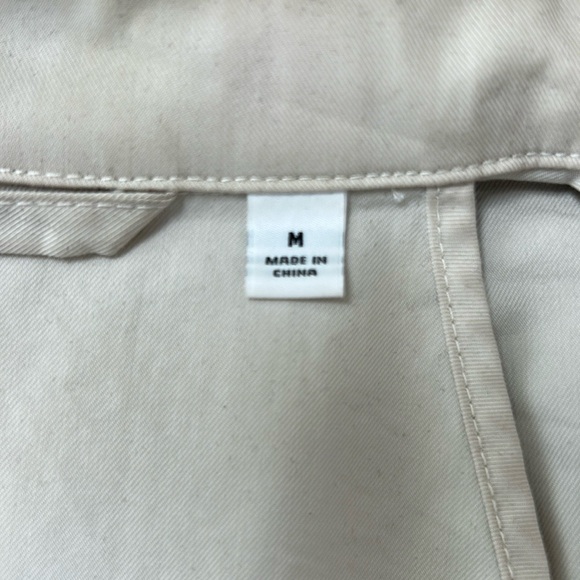 White Trench Coat with Classic Lapel Design - Picture 3 of 3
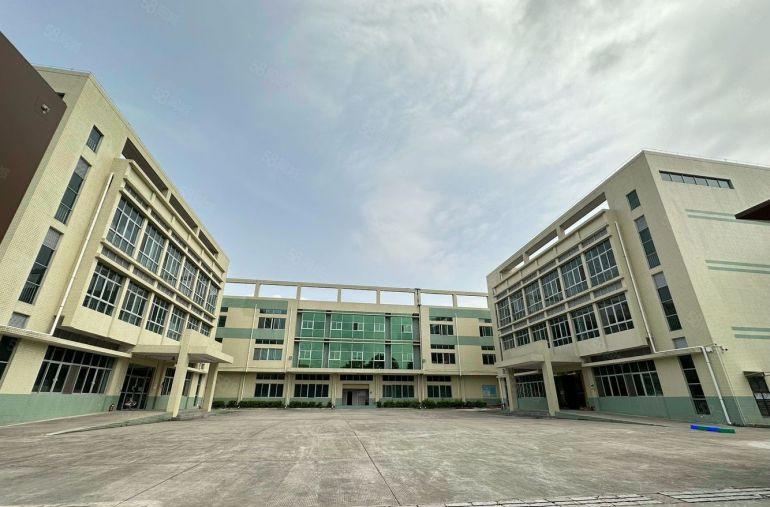 虎门镇龙眼一手房东，独门独院厂房，无公摊出租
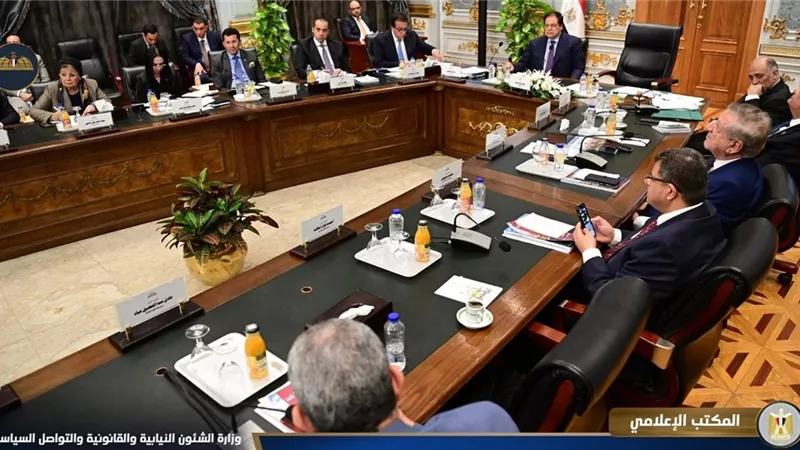 النواب يناقش برنامج الحكومة الجديدة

◆ **TASK**: Please set down every line of the data above precisely, dropping the images.

◆ **RESPONSE TO THE TASK**:
 White Trench Coat with Classic Lapel Design - Picture 3 of 3
 虎门镇龙眼一手房东，独门独院厂房，无公摊出租
 النواب يناقش برنامج الحكومة الجديدة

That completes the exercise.